How preselling travel points works

Quite a few travel providers partner with credit card companies. Through these partnerships, the credit card company offers co-branded cards tied to the travel provider's loyalty program.

American Express and Hilton, for example, are partners -- American Express offers credit cards that earn Hilton Honors points. When you use one of those cards to earn points, American Express buys the points from Hilton at a rate the two companies agreed to. Like any good partnership, there are benefits for both sides:

  • The credit card company can acquire more cardholders and make money from transaction fees.
  • The travel provider makes money by selling points to the credit card company.
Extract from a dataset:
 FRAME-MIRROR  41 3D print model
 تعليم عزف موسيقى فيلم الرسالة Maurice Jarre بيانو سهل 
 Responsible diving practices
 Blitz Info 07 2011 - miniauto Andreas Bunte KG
By offering credit cards in its loyalty program, the travel provider can also increase customer loyalty.

A presale means the credit card company is buying a bundle of points (or frequent flyer miles) to use later. In this situation, the credit card company gets the better end of the deal, because it can pay a discounted rate on the points. For the travel provider, this is usually a survival strategy. It gets the money it needs to stay afloat, but sacrifices future earnings and sells points at a lower rate.

Why points presales benefit consumers

When a credit card company buys points, it can use those points to convince consumers to open a credit card, and/or to keep current cardholders happy. The easiest way to do both is to beef up its bonus offers.
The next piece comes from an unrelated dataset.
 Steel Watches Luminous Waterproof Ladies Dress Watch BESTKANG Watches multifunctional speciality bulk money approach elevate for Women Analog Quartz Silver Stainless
After a points presale, there's a good chance the credit card company will improve one or more of the following on its co-branded credit cards:

  • Sign-up bonuses
  • Bonus categories (for example, a card may start earning 3 points per $1 at restaurants instead of 2 points per $1)
  • Retention offers (incentives to offer when a cardholder wants to cancel the card)

There is a potential downside. It's possible that a travel provider could later decide to devalue its points. A devaluation is when the travel provider increases what it costs to redeem points for travel bookings. An airline could raise flight prices from 15,000 to 20,000 miles, or a hotel could raise nightly rates from 25,000 to 30,000 points.
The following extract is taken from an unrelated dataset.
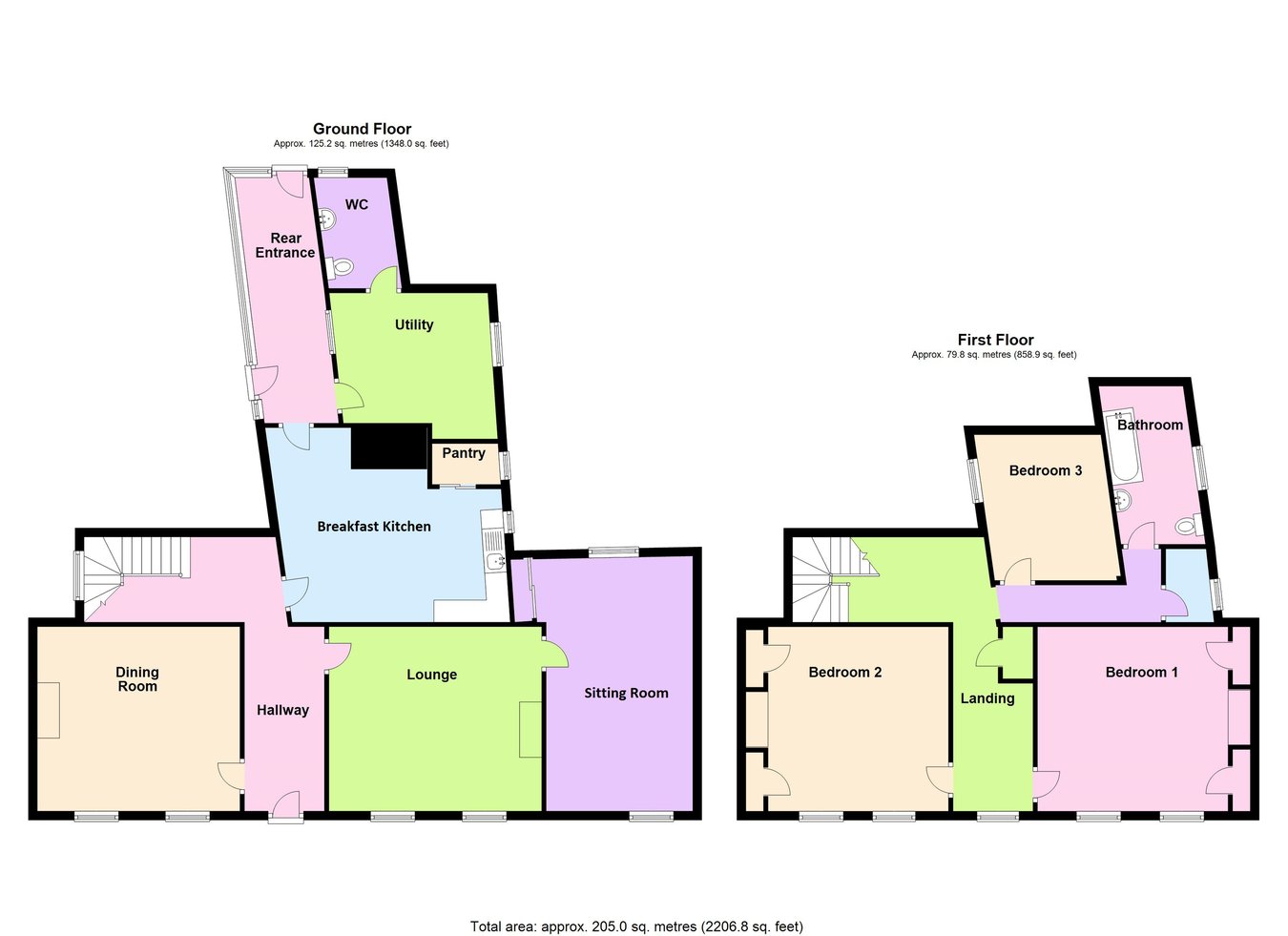The Grange, 1 King Street, Boston floorplan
You'd expect that credit card companies would set up a contract to avoid this possibility, but there's no way to be sure a devaluation will or won't happen. Still, it's unlikely after a points presale. If American Express spends $1 billion on Hilton Honors points, it doesn't want Hilton dropping the value of those points six months later.

It's also important to remember that the reason a travel provider presells points in the first place is to raise money during tough times. That's currently because far fewer people are booking travel. The last thing an airline or hotel would want to do is devalue its program's points when it's already dealing with low demand.

Watch out for chances to earn more points

This obviously isn't the best time to travel, but if you're financially stable and you like using travel rewards credit cards, then you should keep your eyes open for new bonus offers in coming months. You could end up stockpiling points you can put to good use when it's safe to travel again.